--- DATA BLOCK Enclosed Below ---

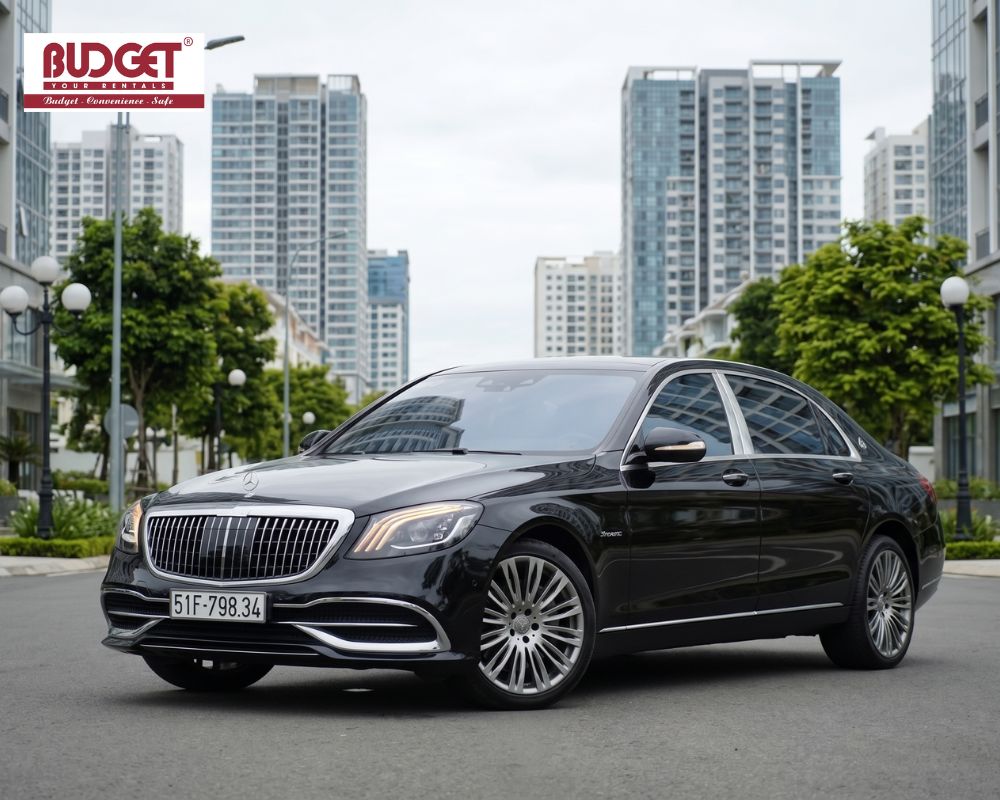 Black-Mercedes-Maybach-luxury-sedan-available-for-VIP-executive-transfers-and-premium-rentals-in-Ho-Chi-Minh-City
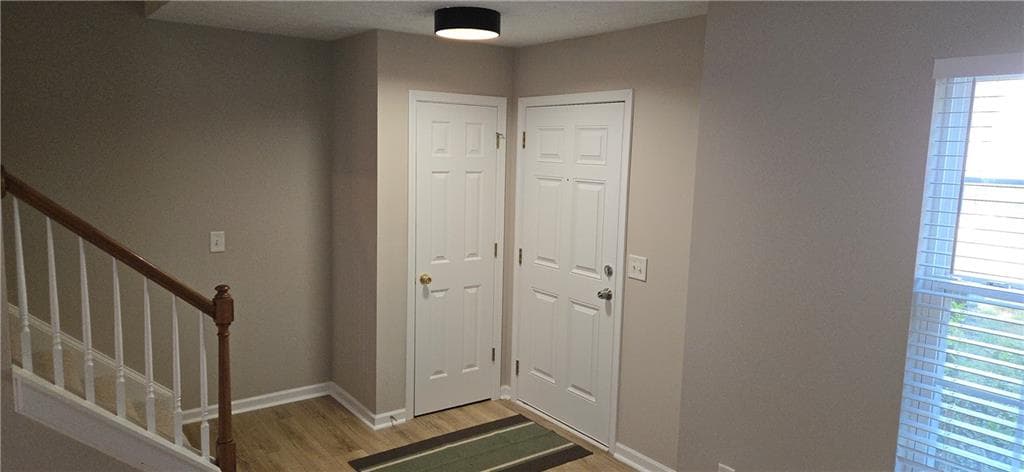 4 bedroom, 3 bathroom, 1,982 sq ft single family residence for rent at 608 Red Oak Court, Canton, GA 30114 for $2,100 a month — photo 4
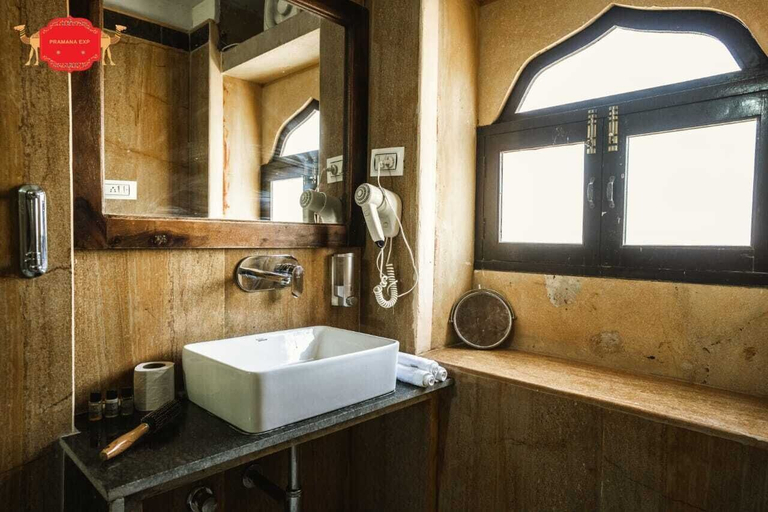 Bathroom 4, Hotel Golden Legacy - By PRAMANA EXP, Jaisalmer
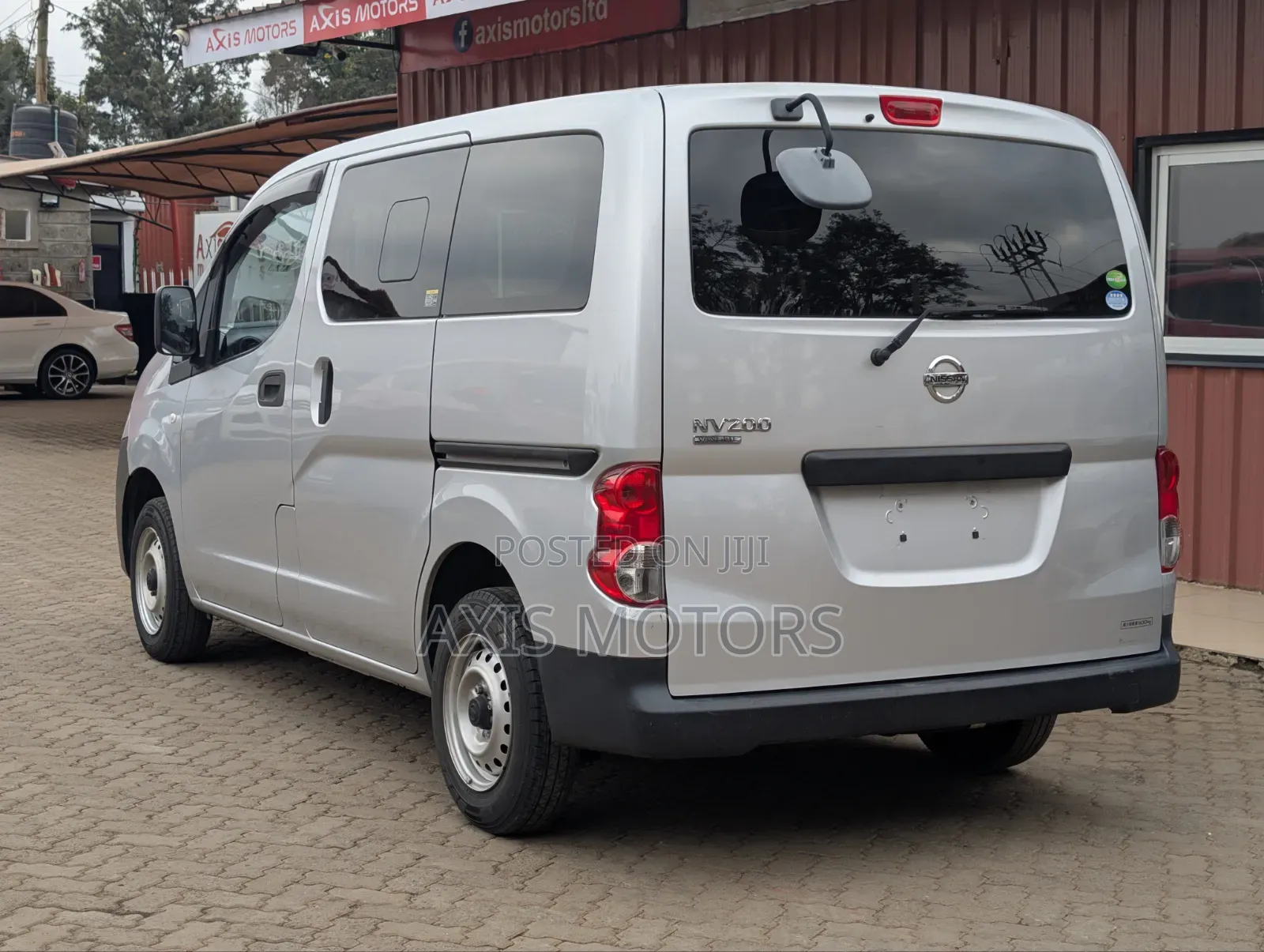Nissan NV200 2019 Silver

--- End of Enclosed DATA BLOCK ---

## WHAT IS BEING ASKED
Every line of the data should be transcribed exactly. Omit the images.

## RESULT OF THIS EXERCISE
 Black-Mercedes-Maybach-luxury-sedan-available-for-VIP-executive-transfers-and-premium-rentals-in-Ho-Chi-Minh-City
 4 bedroom, 3 bathroom, 1,982 sq ft single family residence for rent at 608 Red Oak Court, Canton, GA 30114 for $2,100 a month — photo 4
 Bathroom 4, Hotel Golden Legacy - By PRAMANA EXP, Jaisalmer
Nissan NV200 2019 Silver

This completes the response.